Hürriyetim alınmış, şerefim ve vicdânım bende kalmıştır.

Bu bir müdâfaa değil, elinden en kıymetli varlığı alınmak istenen bir insanın çırpınmasıdır. Bu, her Türkün alnında taşıdığı şeref çelenginin kurtarılması için, bütün feryat takâtini ortaya koyan bir insanın meçhûlden istimdâdıdır. Bu, o çelenkten mahrum edilmiş bir Türkün, alnından koparılan çelengin açtığı yaraları, şimdi artık kendisince çok daha şerefli bir çelenk olan yaraları, göstermek için, aylardır hasretini çektiği bu güne, o yaraların küşât resmi olan bu güne sizi dâvettir.

Beni ve benim hâlimden benden fazla acı duyan sevdiklerimi bu gayyaya atan kazanın mahiyetini anlatmağa, rabbânî kudreti tefsir ve izaha, ve takdiri, hiç olmazsa yarı yoldan, geri çevirmeye çalışacağım. Haksızlığa uğradığına inanan, suçsuzluğunu ilk gününden bu güne kadar bilen, açıkçası bir kasta kurban gittiğine -imandan ötesi varsa- işte o şekilde kani bulunan bir kimse haysiyetiyle ve onun korkusuzluğu ile konuşmak istiyorum. Bu müdâfaanın -varsa- celâdeti bundandır. Bir mahkemenin burcuna sığınıp, ben de bir defa, üzerimden pervasız akıp giden düşnamlara, tahkirlere, resmî ve hususî tezlillere, ithamlara karşı hür vatandaşların diyârına seslenmek istiyorum. Ondan öte târih varsın beğendiği dille konuşsun.

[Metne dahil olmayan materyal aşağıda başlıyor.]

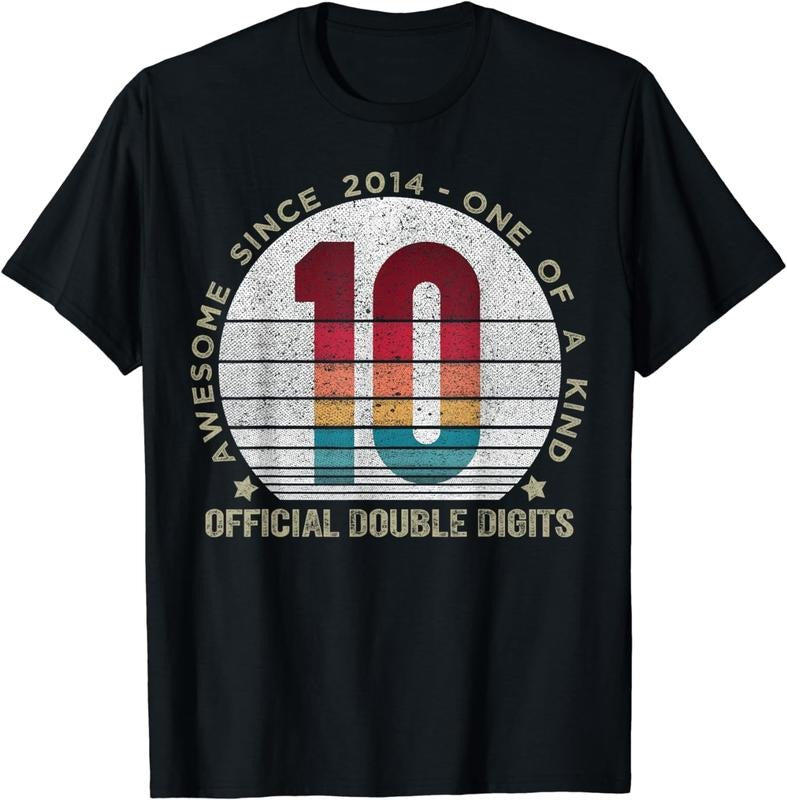 [100% Cotton]Official Double Digits 10th Birthday 10 Year Old Gifts T-Shirt Hoodie, Sweatshirt | WearSparks.com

Onun, bizi, mütearifeleri isbât zorunda bırakan, dünyaca revaçta bir ilim olduğunu bildiğim halde, siyasetin her türlüsüne karşı nefretim bu gün eskisine göre daha artmış ve cehâletim bir mürekkep gibi daha da koyulaşmıştır. Onun için, iddiânâmenin medih ve istihsanında bulunduğumu kekelediği ırkçılık ve Turancılığın müdâfaasını yapacak değilim. Zîrâ benim suçum bu değildir. Ben, dilimin döndüğü ve aczimin elverdiği kadar, hür vatandaşlar diyârı olarak tavsif edilen, eşit adaletin yürüdüğü, müstakil Türkiye Cumhuriyetinde, on sekiz yıllık bir mektep arkadaşını iki gece misafir etmenin basit bir muaşeret icabı olduğunu ve bunun bir suç olamayacağını, dünyanın hiç bir yerinde, târihin hiç bir devrinde suç sayılmadığını müdâfaa ve isbâta çalışacağım.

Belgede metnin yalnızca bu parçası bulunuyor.